- [The task]:
Please print exactly the lines from the one containing "Mahipalpur Appartement | Russet House" through the last line of the records, and only those. Leave out any pictures.
^^^^^^^^
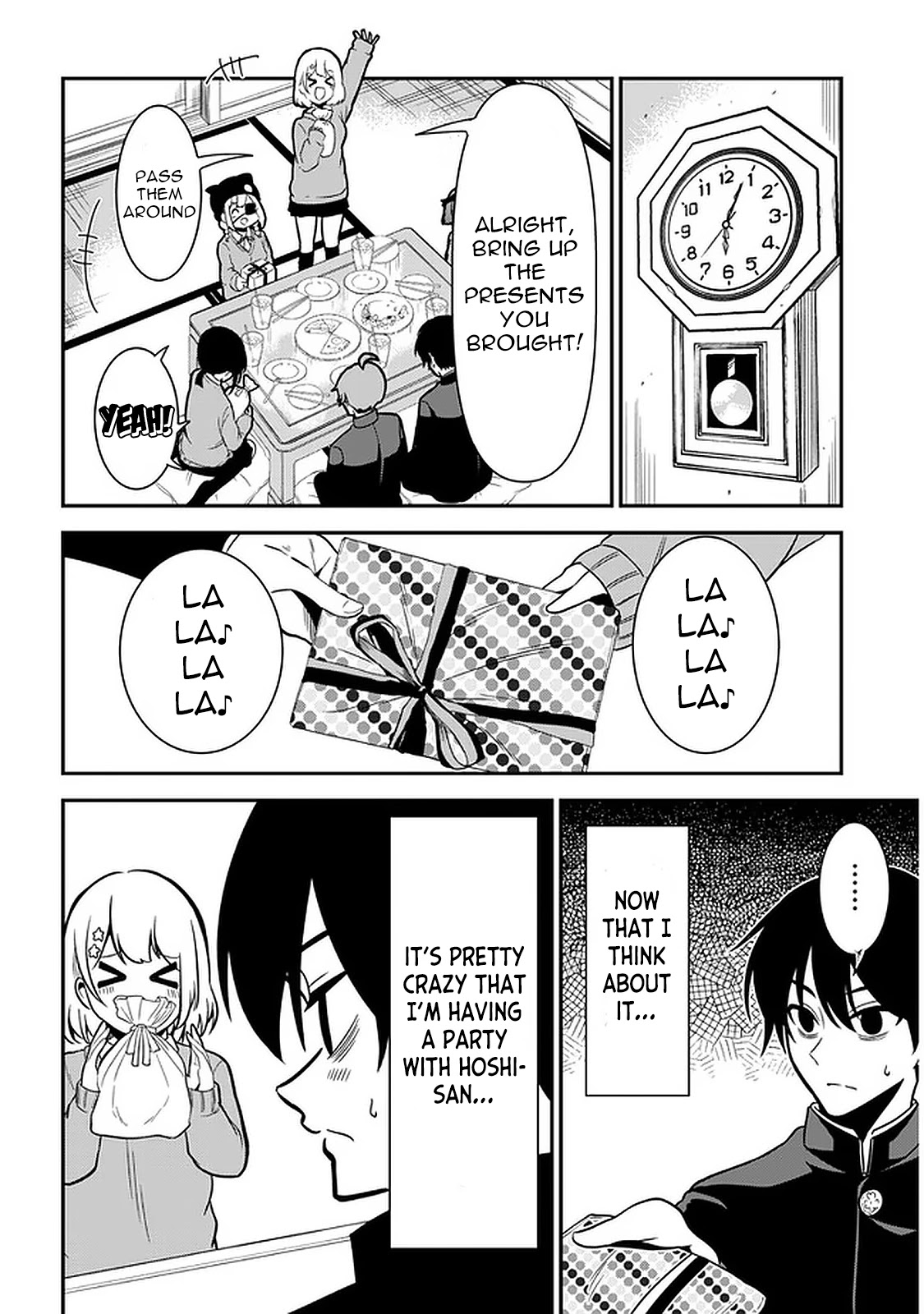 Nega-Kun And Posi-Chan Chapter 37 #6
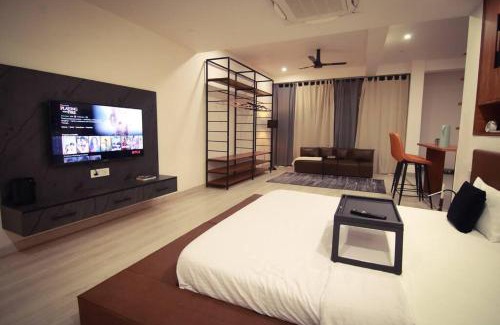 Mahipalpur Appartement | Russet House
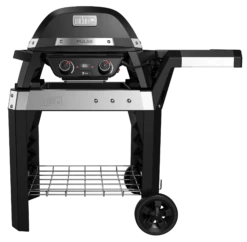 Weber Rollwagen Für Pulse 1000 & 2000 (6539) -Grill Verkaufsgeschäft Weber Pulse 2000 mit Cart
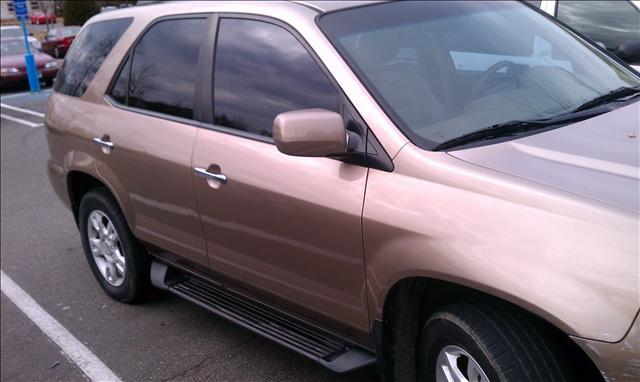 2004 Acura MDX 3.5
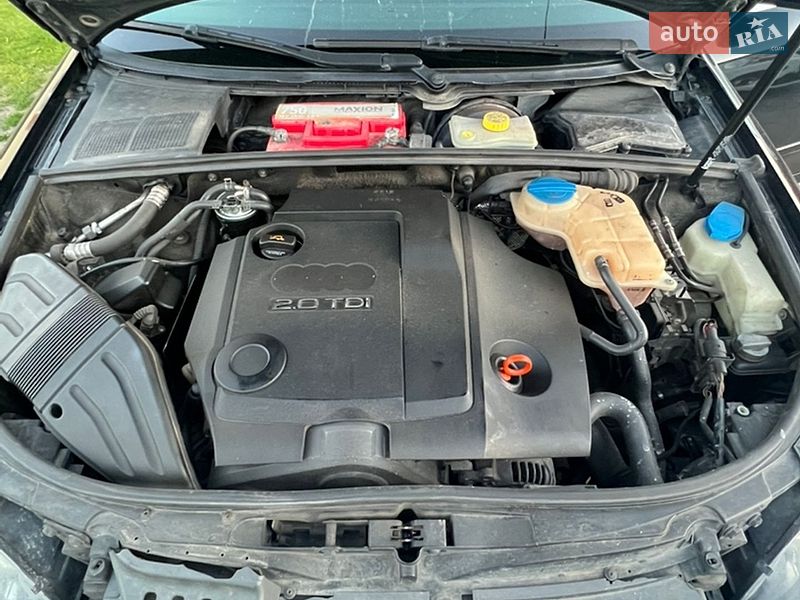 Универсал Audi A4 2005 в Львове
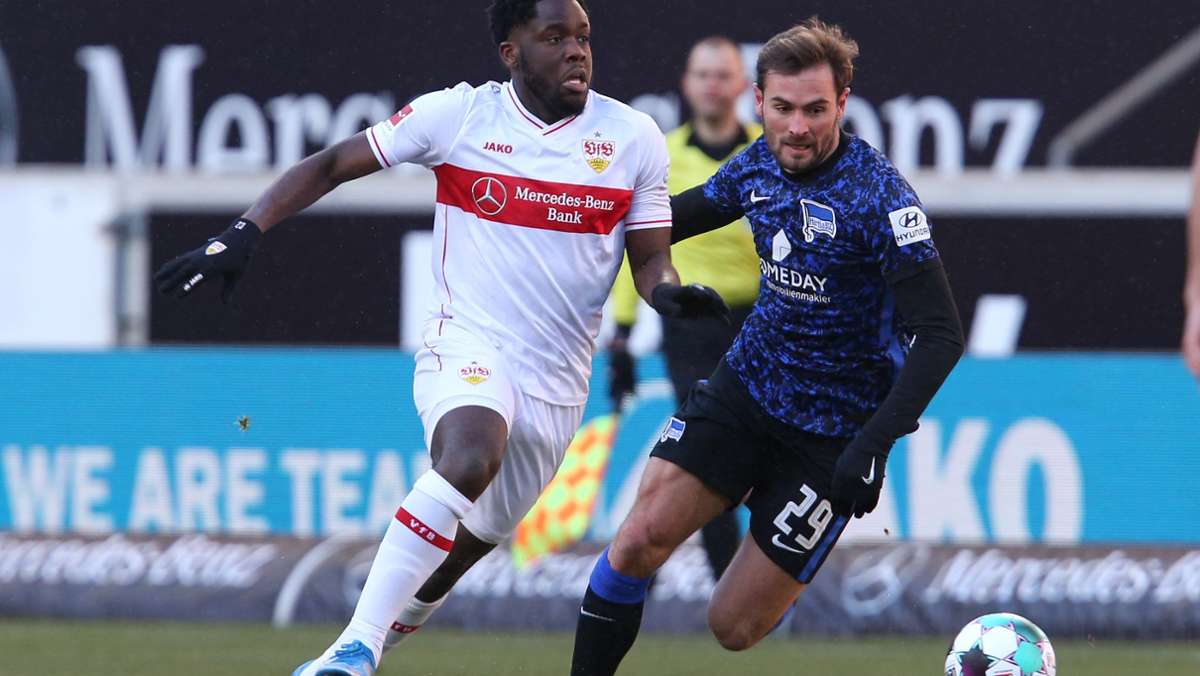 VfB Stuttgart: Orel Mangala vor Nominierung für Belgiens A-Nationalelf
^^^^^^^^
- [Solution to this task]:
 Mahipalpur Appartement | Russet House
 Weber Rollwagen Für Pulse 1000 & 2000 (6539) -Grill Verkaufsgeschäft Weber Pulse 2000 mit Cart
 2004 Acura MDX 3.5
 Универсал Audi A4 2005 в Львове
 VfB Stuttgart: Orel Mangala vor Nominierung für Belgiens A-Nationalelf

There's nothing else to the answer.